* [What the task asks]: Copy out the full listing exactly, omitting any picture it contains.

* [Provided material]:
++++++++++++++++++++

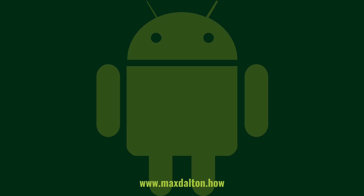Let me know if this video helped you out in the comments below. If you liked what you saw here, click the video links on the right side of the screen to check out my tutorial website at www.maxdalton.how.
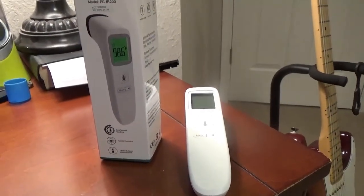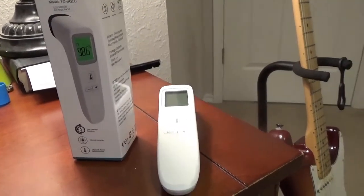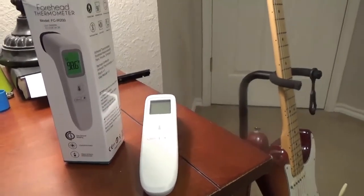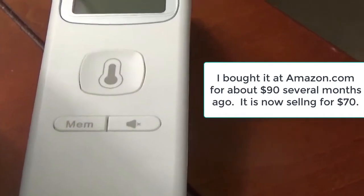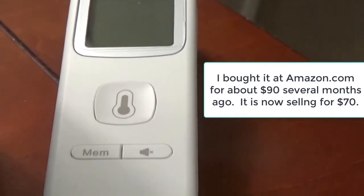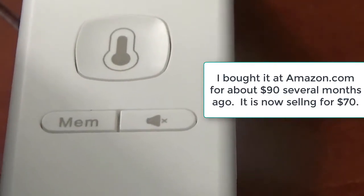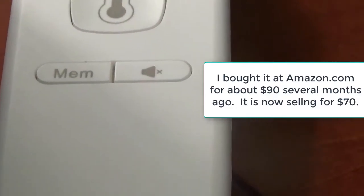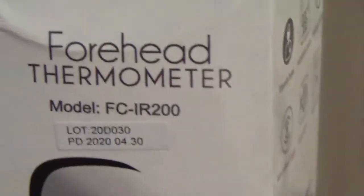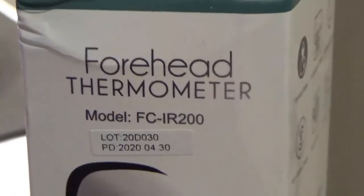This will be a short review of a non-contact infrared thermometer that I bought on Amazon. I bought it for $90 — a bit overpriced — but at the time I needed it. It's now selling for $70, and as I'm talking you can look at the specs here.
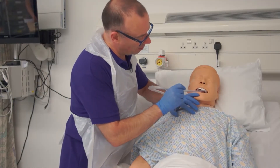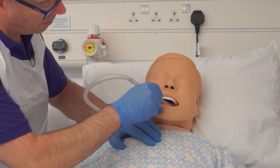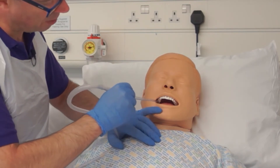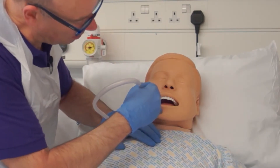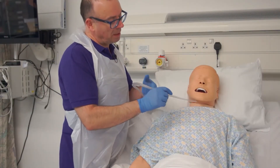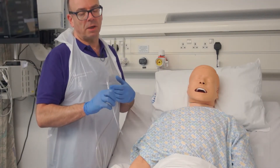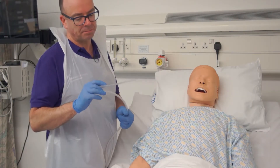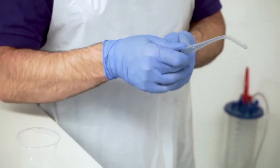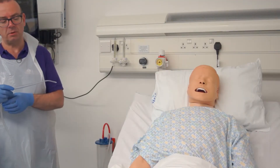Bob, I'm going to help you clear those secretions now. Gently passing the catheter into the cheek pouch — the suction pressure is on at all times — coming back out across the tongue and down into the other cheek pouch, making sure I can see where the tip of the catheter is at all times. Avoid going over the midline as you'll make the patient gag, and keep the suction sweep down to about 10 seconds. Unlike the flexible catheter, we can reuse this one for up to about 24 hours, whereas the others are single use, and we'll clean it through with some water.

++++++++++++++++++++

* [Task solution]:
Let me know if this video helped you out in the comments below. If you liked what you saw here, click the video links on the right side of the screen to check out my tutorial website at www.maxdalton.how.
This will be a short review of a non-contact infrared thermometer that I bought on Amazon. I bought it for $90 — a bit overpriced — but at the time I needed it. It's now selling for $70, and as I'm talking you can look at the specs here.
Bob, I'm going to help you clear those secretions now. Gently passing the catheter into the cheek pouch — the suction pressure is on at all times — coming back out across the tongue and down into the other cheek pouch, making sure I can see where the tip of the catheter is at all times. Avoid going over the midline as you'll make the patient gag, and keep the suction sweep down to about 10 seconds. Unlike the flexible catheter, we can reuse this one for up to about 24 hours, whereas the others are single use, and we'll clean it through with some water.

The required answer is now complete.